Au regard de la situation sécuritaire de l’Est de la RD Congo, qui, même sous état de siège, les massacres se multiplient, la Lucha déclare avoir exprimé les inquiétudes majeures sur le manque d’une évaluation préalable de toutes les parties prenantes sur le processus d’instauration de cette mesure sécuritaire. Elle rappelle, à cet effet, avoir demandé ainsi au Président de la République de sursoir sa décision, qu’elle juge depuis lors ‘‘d’empressement’’.

Par ailleurs, elle demande la suspension du maire de la ville Kashale Muteba Narcisse et le commissaire supérieur François Kabeya de la Police nationale Congolaise ville de Béni. Les deux hommes ont, confirme la LUCHA, tenu des propos qui ont poussé à l’assassinat d’un des ses militants, M. Mumbere Ushindi.

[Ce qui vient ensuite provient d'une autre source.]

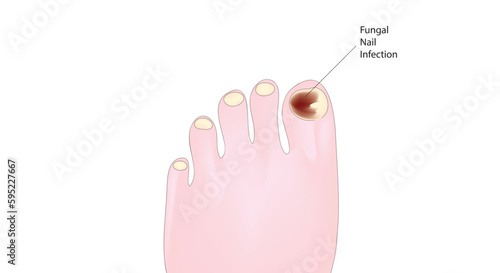 fungal nail infections, fungal nail infection, eczema, dermatitis, inflammation, nail plate, onychogryphosis, illustration, unhealthy, healthy, human, hygiene, problem, sick, feet, toes, psoriasis, de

Le vin étant tiré, restait cependant à en boire. La Lutte pour le Changement demande une évaluation rigoureuse et sans complaisance de l’état de siège, laquelle évaluation conduirait à la levée de cette mesure sécuritaire instaurée depuis mai 2021, ainsi qu’à la démilitarisation de l’administration et de la justice pour permettre aux militaires de se concentrer uniquement à la traque des forces négatives.

La LUCHA réclame : «l’éjection définitive et des poursuites judiciaires sérieuses contre tous les officiers soupçonnés des graves violations des droits de l’homme, de diligenter une enquête crédible pour faire la lumière sur les tueries orchestrées par les forces loyalistes et de punir de manière exemplaire les coupables, mais aussi de mettre en place un vrai et sérieux programme de démobilisation, désarmement et réinsertion communautaire».

Condamnant avec ferveur l’arrestation ‘’illégale’’ de 13 de leurs membres, le mouvement citoyen Lutte pour le Changement exige leur relâchement sans aucune condition.